Huntley Melanie A, Golding G Brian
Department of Biology, McMaster University, Hamilton, Ontario, Canada.
Proteins. 2002 Jul 1;48(1):134-40. doi: 10.1002/prot.10150.
A simple sequence is abundant in the proteins that have been sequenced to date. But unusual protein features, such as a simple sequence, are not present in the same high frequency within structural databases. A subset of these simple sequences, a group with a highly repetitive nature has been shown to be abundant in eukaryotes but not in prokaryotes. In this study, an examination of the eukaryotic proteins in the Protein Data Bank (PDB) has revealed a large deficiency of low complexity, highly repetitive protein repeats. Through simulated databases of similar samples of eukaryotic proteins taken from the National Center for Biotechnology Information (NCBI) database, it is shown that the PDB contains a significantly less highly repetitive, simple sequence than artificial databases of similar composition randomly derived from NCBI. When the structural data for those few PDB sequences that did contain a highly repetitive simple sequence is examined in detail, it is found that in most cases the tertiary structure is unknown for the regions consisting of a simple sequence. This lack of a simple sequence both in the PDB database and in the structural information suggests that this type of simple sequence may produce disordered structures that make structural characterization difficult.

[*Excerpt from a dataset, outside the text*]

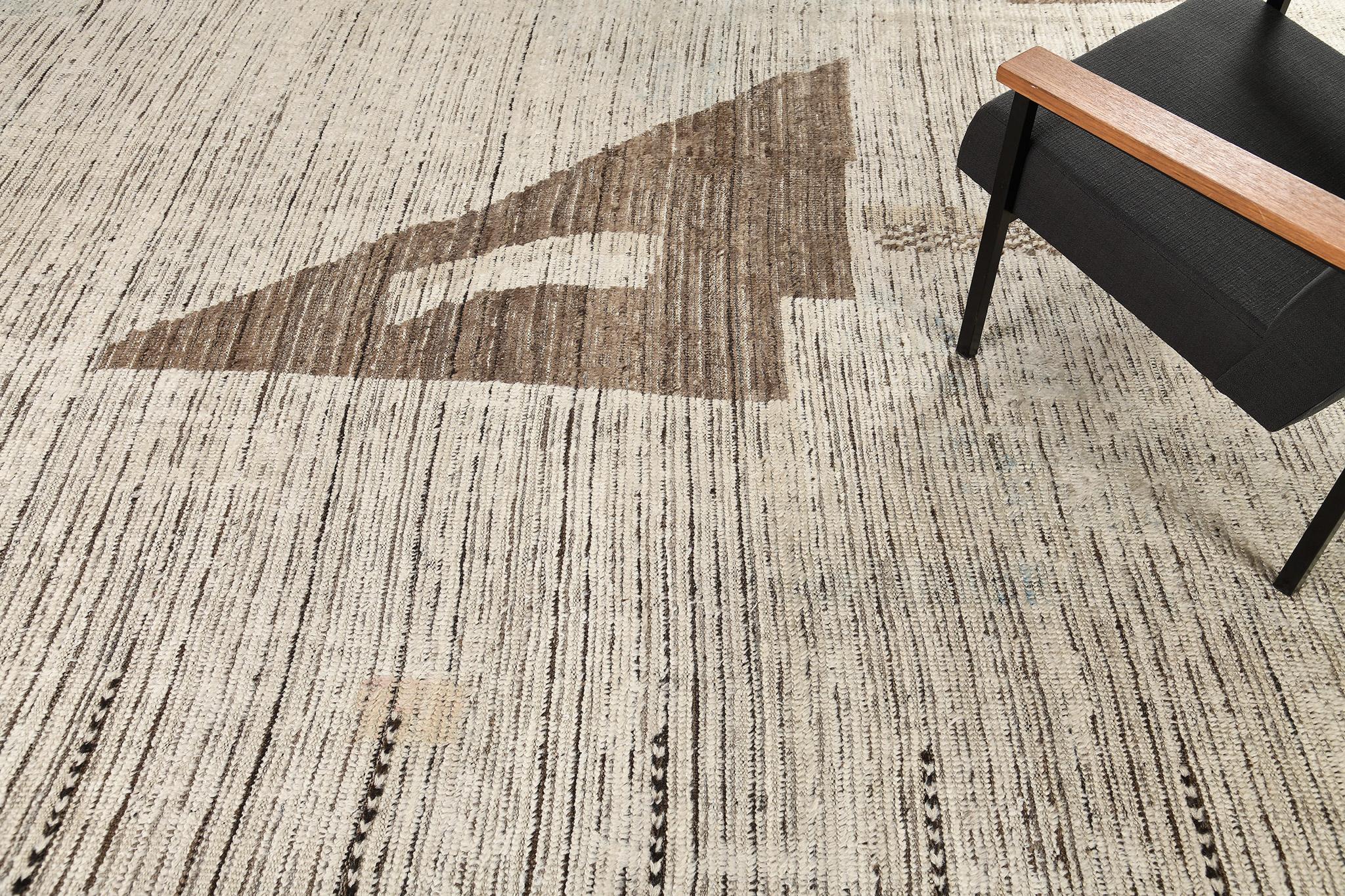 Kaouki' is made of luxurious wool and is made of timeless design elements. Its weaving of natural earth tones with unique design patterns and shapes is what makes the Atlas Collection so unique and sought after. Mehraban's Atlas collection is noted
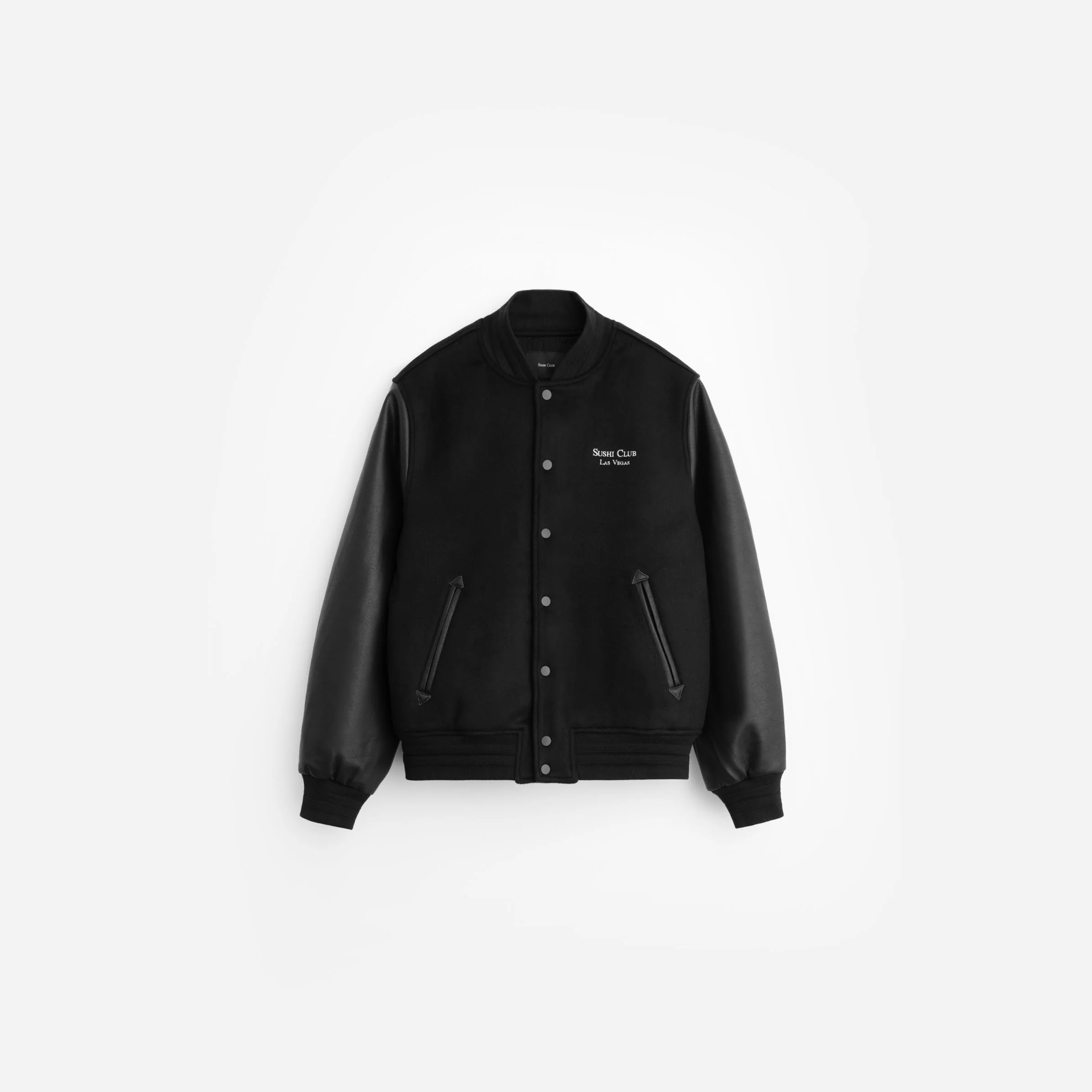 Minimal black varsity jacket with tonal leather-look sleeves, snap-button front closure, and subtle “Sushi Club Las Vegas” embroidery on the chest. The piece features a clean monochromatic design, ribbed trims, and understated streetwear tailoring inspired by classic athletic outerwear and nightlife uniform aesthetics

在迄今为止已测序的蛋白质中,简单序列很丰富。但是,诸如简单序列这样的不寻常蛋白质特征在结构数据库中的出现频率并不相同。这些简单序列的一个子集,即具有高度重复性的一组序列,已被证明在真核生物中很丰富,而在原核生物中则不然。在这项研究中,对蛋白质数据库(PDB)中的真核生物蛋白质进行检查后发现,低复杂性、高度重复的蛋白质重复序列存在很大不足。通过从美国国立生物技术信息中心(NCBI)数据库获取的类似真核生物蛋白质样本的模拟数据库表明,PDB中高度重复的简单序列明显少于从NCBI随机导出的类似组成的人工数据库。当详细检查那些确实包含高度重复简单序列的少数PDB序列的结构数据时,发现在大多数情况下,由简单序列组成的区域的三级结构是未知的。PDB数据库和结构信息中都缺乏简单序列,这表明这种类型的简单序列可能会产生无序结构,从而使结构表征变得困难。